И опять повторил четко: «Не могу согласиться!»
— Зачем подчеркивать несогласие? — прошептал кто-то рядом. — Не стóит.
— Все прошлые семь лет у меня было подавленное состояние и я главным образом занимался переводами с финского. Было выпущено несколько книг, помимо того, я закончил книгу, начатую еще до постановления, — о ленинградских партизанах...
Он перечислил рассказы, фельетоны и то, как в последний год начал работать для журналов. Происходил процесс возвращения, медленно, с трудом он оправлялся от того удара.
— Мне казалось, что я крепче и здоровее, а после семи лет, когда несколько ослабели мои нервные вожжи, я проболел несколько месяцев и ощущал чрезвычайную трудность физическую.
Кочетов усмехнулся, переглянулся с Первенцевым, это запомнилось потому, что потом имело место продолжение.
— ...Все же некоторые рассказы и фельетоны мои были не плохи. По одному моему рассказу, как вам известно, был изменен режим продажи водки. Стало быть, не так уж оторваны были мои вещи от жизни, стало быть, я учитывал и принял все указания партии, какой должна быть литература.
Во всех кабинетах еще висели портреты Сталина, еще носили его имя заводы, колхозы, улицы и проспекты, на первомайской демонстрации несли изображения Ленина и Сталина. Никому и в голову не приходило, что можно как-то покуситься не то что на постановление, даже на доклад Жданова, ибо он был Соратником, ибо доклад был одобрен, положен в основу...

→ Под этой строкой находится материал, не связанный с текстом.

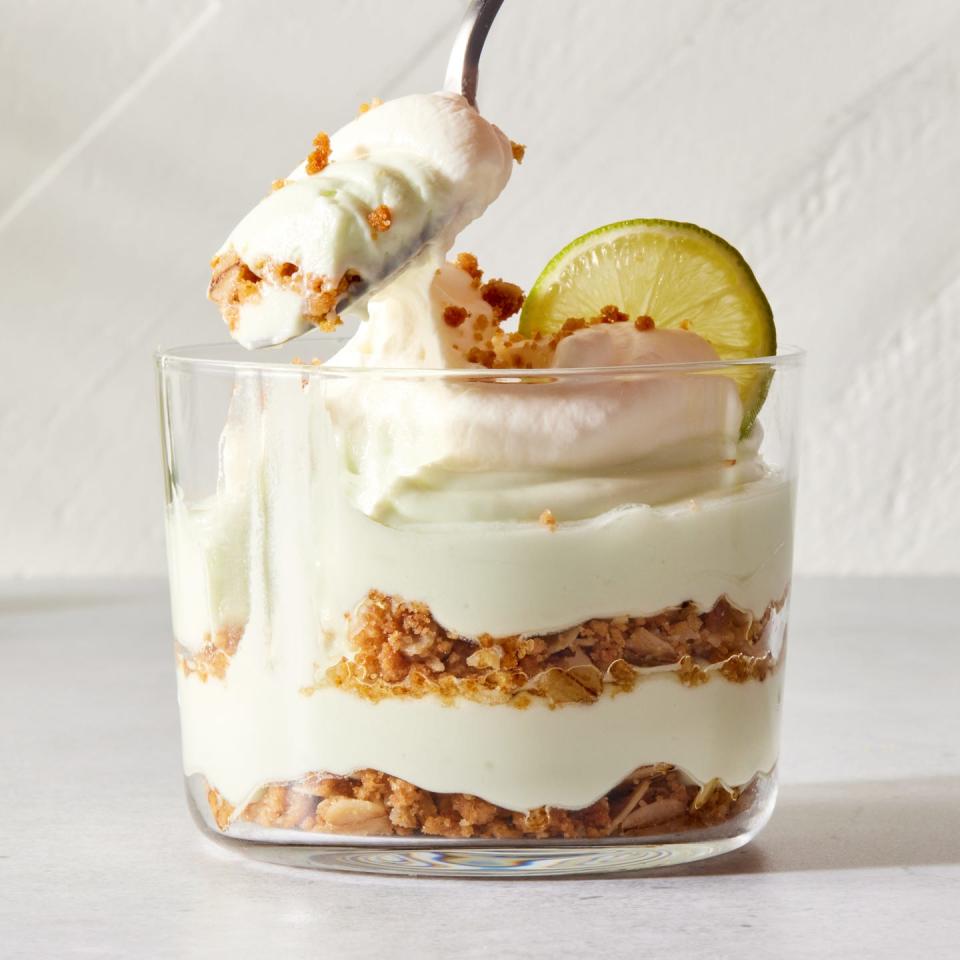 layered key lime pie mousse with whipped cream and a lime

— Да, было немало вещей у меня в прошлом и аполитичных, и безыдейных — это так. Отчасти это была дань давнему времени — двадцатым годам. Я ведь начал работать в двадцать первом году, мой рассказ «Аристократка» был напечатан в двадцать третьем году, тридцать с лишком лет назад. Грех некоторой аполитичности, который, несомненно, в какой-то степени присутствовал, — это существенно. Но сейчас, повторяю, этого нет... Сказано было еще, что я скрыл свое отношение к постановлению. В злополучный вечер с англичанами, о котором идет речь, даже слова не было сказано о постановлении. Речь шла только о докладе Жданова. Именно этот вопрос задали английские студенты: «Ваше личное отношение к докладу Жданова?» На любой вопрос я готовился ответить шуткой. Но в докладе, где было сказано, что я подонок, хулиган, где было сказано, что я не советский писатель, что с двадцатых годов я глумился над советскими людьми, — я не мог ответить шуткой на этот вопрос. Я ответил серьезно, так, как думаю.
Голос его окреп, поднялся. Последние слова прозвучали пугающе. Тишина стала звенящей, словно всем перехватило дыхание.

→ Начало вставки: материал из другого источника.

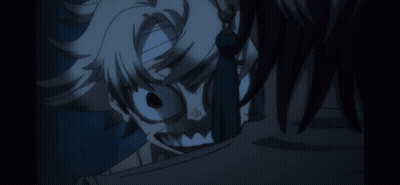 A Close Up Of A Person 'S Face With A Scary Expression GIF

Зощенко взял листок и раздельно прочитал свой ответ английским студентам, ответ, точность которого, как он сказал, можно сверить по стенограмме.
— Я не согласился с докладом потому, что не согласился с критикой моих работ, сделанных в 20–30-х годах. Я писал не о советском обществе, которое тогда только возникало, я писал о мещанах, порожденных прошлой жизнью. Я сатирически изображал не советских людей, а мещанство, которое веками создавалось всем укладом прошлой жизни…
Всенародно он утверждал свое явное несогласие. Прямо-таки вызов. Первое открытое несогласие с высшими властями, которое я услышал в своей жизни.
— ...Закончу мой ответ так: сатира — сложное дело. Мне казалось, что я писал правильно, но, может быть, я ошибался. Но так или иначе, все мое литературное дарование я полностью отдаю Советскому государству, советскому народу. Я понимаю, я должен был более четко политически выразиться. Я должен был бы, вероятно, отделить доклад в целом, идейное его содержание и отношение критики к моей работе. Я не видел в моем ответе непатриотизма, ничего предосудительного... А что я мог ответить? Как я мог сказать? Анна Андреевна Ахматова сказала: «Я согласна». У нее были другие обвинения. Вероятно, на ее месте я бы так же ответил. А что я мог ответить, когда меня спрашивают, согласен ли я с тем, что я не советский писатель, что я... подонок?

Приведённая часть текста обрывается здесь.